# Prices in Minnesota



## Robbie Rooster (Dec 9, 2004)

Hey Minnesota guys. With the increase in gas prices lately. I want to see where everyone is with their pricing in our area. I know prices will still vary depending on where we are in the state, but let's face it, we can't compete with the guys out east. $125 an hr?, not here in MN. I'm in south central MN down closer to Mankato. Last year I was bidding my accounts figuring $60 an hr. I know some guys in the twin cities that were also $60 an hr. I'm all for making more money. Do you think $60 is too low in our area, or can we start to raise our prices a bit. I don't mean to be nosy, I know it's our business and we can charge what we want, but if the market is higher, I'll raise my prices. If the majority is charging $75 - $100 an hr and I'm at $60, am I a low baller? Bottom line, I want to raise my price and am looking for your input and experience in our area. Will our Minnesota resident's go for it?


----------



## LwnmwrMan22 (Jan 20, 2005)

I'm about 30 miles north of St. Paul, Forest Lake area.

I try to run between $75 and $100 / hour.

However, I'm on contracted rates, so I bill monthly, based on 18 snowfalls / year.

Last year, with only plowing 7 total times, with none from November thru January, only plowing in February and March, i ended up at $293 / hour.

Anyways, I've got some buddies in the cities that plow at $45-50 / hour as subs.

Here in Forest Lake, you can get subs from $30-50 / hour, depending on how much work you want them to do, what accounts, etc.

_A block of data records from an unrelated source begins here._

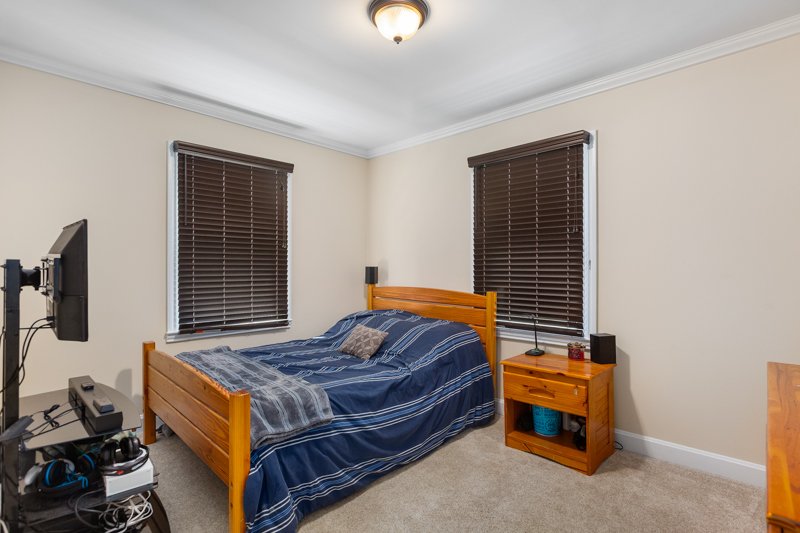124 Dillon Street-22.jpg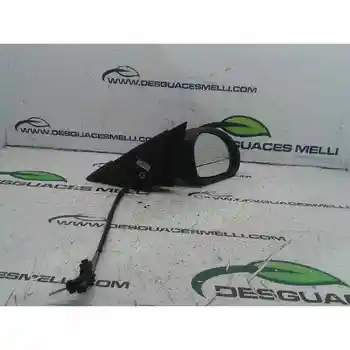 

6L1857502H rear view right SEAT IBIZA (6L1)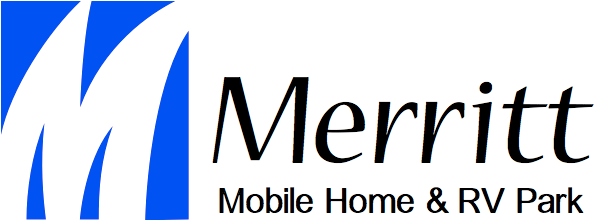 Merritt Mobile Home and RV Park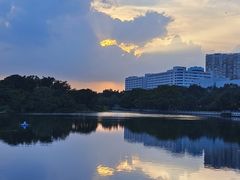 -南海渔村(珠江新城店)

If you're getting $60 / hour, you're on what I would consider the low end, but overall you're right in the ballpark.


----------



## OneBadDodge06 (Sep 22, 2004)

I think most guys consider low ballers as the ones that charge $5 to do a driveway and will way way under bid someone to get a job. Almost like they're paying the customer to clear their lot.


----------



## Wesley's Lawn (Sep 18, 2002)

Im with LwnmwrMan22, Try to stay between 75-100 an hour for a truck. When i use subs i pay between 45- 60 an hour depending on their experience and how much and what they are doing.


----------



## qualitylawncare (Jan 16, 2004)

$155+ per hour for plowing only..

All of my commercial contracts also need salting and sidewalk clearing.. Have a few accounts I'm pushing over $600 an hour + materials, because I'm reliable and leave no snow trails on the lot when I'm done..


----------



## Up North (May 4, 2004)

I'd be one happy camper if I could get rates close to that up here in Bemidji. Every Tom, Dick, & Harry has a plow up here and you can always find someone to plow your driveway for $25 or less. Yeah, they do a crappy job but that's what they're used to getting. I had most all my customers telling me last year that they never had their lot plowed before getting to work, and residential customers where impressed that they were plowed out before leaving home. I'm going to bump my rates a good bit this season, I'll end up with less customers I'm sure but I'll have a better profit margin.

Buck


----------



## caz41 (Nov 29, 2004)

I'm in the same boat as Up North. There is a ton of people here with plows, and all of them will plow anything for next to nothing. Even when you try to tell some of the business owners that they probably don't have commercial insurance and that if they hit something it will be covered under their regular vehicle insurance, they seem to not care as much and just see that they are getting a service for a cheaper rate. It's pretty tough to get more than $60/hr here just because some idiot will do it for $25. If the gas prices keep going up we all will have to raise our rates to stay in business, but the tricky part is not putting them up too high to scare away the majority of your business.


----------



## Robbie Rooster (Dec 9, 2004)

Thanks all for the feedback. I agree. I don't want to be scaring off customers, but when you think about it, they can see that gas prices are up and any business that uses gas would need to increase their prices. Gas price today is $2.69. I think I will try raising my prices from 60 to 70. Maybe even 75. If they don't like it they can find someone else to do it cheap who doesn't't have to pay insurance and all the other crap we do. But they'll get what they pay for.


----------